United States v. Spears

533 F.3d 715, 2008 U.S. App. LEXIS 13270, 2008 WL 2485329
CourtCourt of Appeals for the Eighth Circuit
DecidedJune 23, 2008
Docket05-4468, 06-1354
StatusPublished
Cited by26 cases

This text of 533 F.3d 715 (United States v. Spears) is published on Counsel Stack Legal Research, covering Court of Appeals for the Eighth Circuit primary law. Counsel Stack provides free access to over 12 million legal documents including statutes, case law, regulations, and constitutions.

Bluebook
United States v. Spears, 533 F.3d 715, 2008 U.S. App. LEXIS 13270, 2008 WL 2485329 (8th Cir. 2008).

Opinions

RILEY, Circuit Judge.

After our earlier decision in this matter, United States v. Spears, 469 F.3d 1166 (8th Cir.2006) (en banc) (Spears J), the United States Supreme Court vacated and remanded the case for reconsideration in light of Kimbrough v. United States, 552 U.S.-, 128 S.Ct. 558, 169 L.Ed.2d 481 (2007). See Spears v. United States, — U.S.-, 128 S.Ct. 858, 169 L.Ed.2d 709 (2008). Upon reconsideration, we vacate Section 11(C) of Spears I, and we reinstate the background and remainder of the Spears I analysis. Based upon the clarifications outlined below, we again reverse and remand for resentencing.

I. DISCUSSION

A. Clarification

In Spears I, we discussed recent precedent in which the Third Circuit concluded “district courts may consider the crack/powder cocaine differential in the Guidelines as a factor, but not a mandate, in the post -Booker1 sentencing process.” See Spears I, 469 F.3d at 1175 (quoting United States v. Gunter, 462 F.3d 237, 249 (3d Cir.2006)). We expressly declined either to adopt or endorse the Third Circuit’s determination. See id. According to Kimbrough, our dicta was wrong.

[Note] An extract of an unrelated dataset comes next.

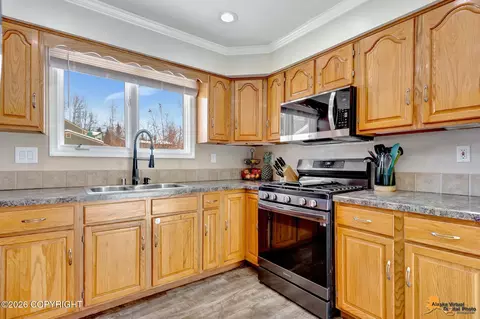 Kitchen - 9818 E Chichagof Loop, Eagle River, AK 99577 photo 1 of 3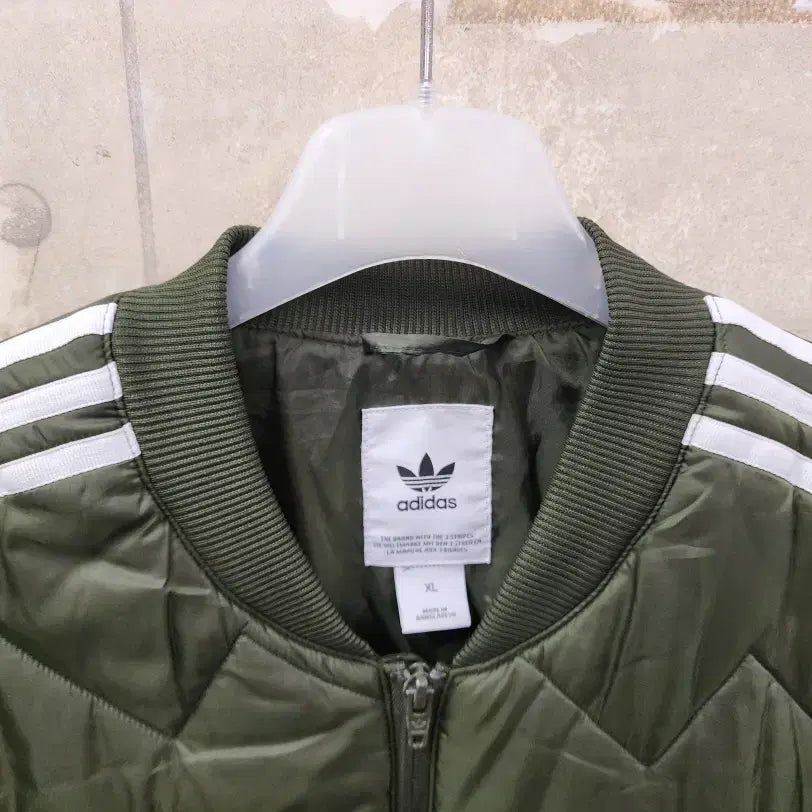 [BUNJANG] Adidas SST Quilted Varsity Jacket (XL) / (XL)아디다스 남성 SST 퀄팅 바시티 점퍼/105size/상태우수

[717]*717In light of Kimbrough, we now expressly adopt the determination that, “under Booker, the cocaine Guidelines, like all other Guidelines, are advisory only....” Kimbrough, 128 S.Ct. at 564. “A district judge must include the Guidelines range in the array of factors warranting consideration. The judge may determine, however, that, in the particular case, a within-Guidelines sentence is ‘greater than necessary’ to serve the objectives of sentencing.” Id. (citing 18 U.S.C. § 3553(a) (2000 ed. and Supp. V)). The Supreme Court therefore concluded, “In making that determination, the judge may consider the disparity between the Guidelines’ treatment of crack and powder cocaine offenses.” Id.

B. Underlying Holding

In Spears’s case, we did not need either to adopt or endorse the proposition outlined in Gunter and now Kimbrough because the district court did not just “consider the disparity between the Guidelines’ treatment of crack and powder cocaine offenses,” Kimbrough, 128 S.Ct. at 564, in conjunction with a proper § 3553(a) analysis. Rather, the district court substituted its own ratio, and did not conduct any additional analysis under § 3553(a). The district court declared:

[O]nce I made the decision I was going to vary on the [United States v. Perry, 389 F.Supp.2d 278 (D.R.I.2005) ] crack ratio basis, I didn’t really look at the other § 3553(a) factors because to me it was a moot question. I’ll only look at that issue should this sentencing be reversed on the 20-to-l ratio.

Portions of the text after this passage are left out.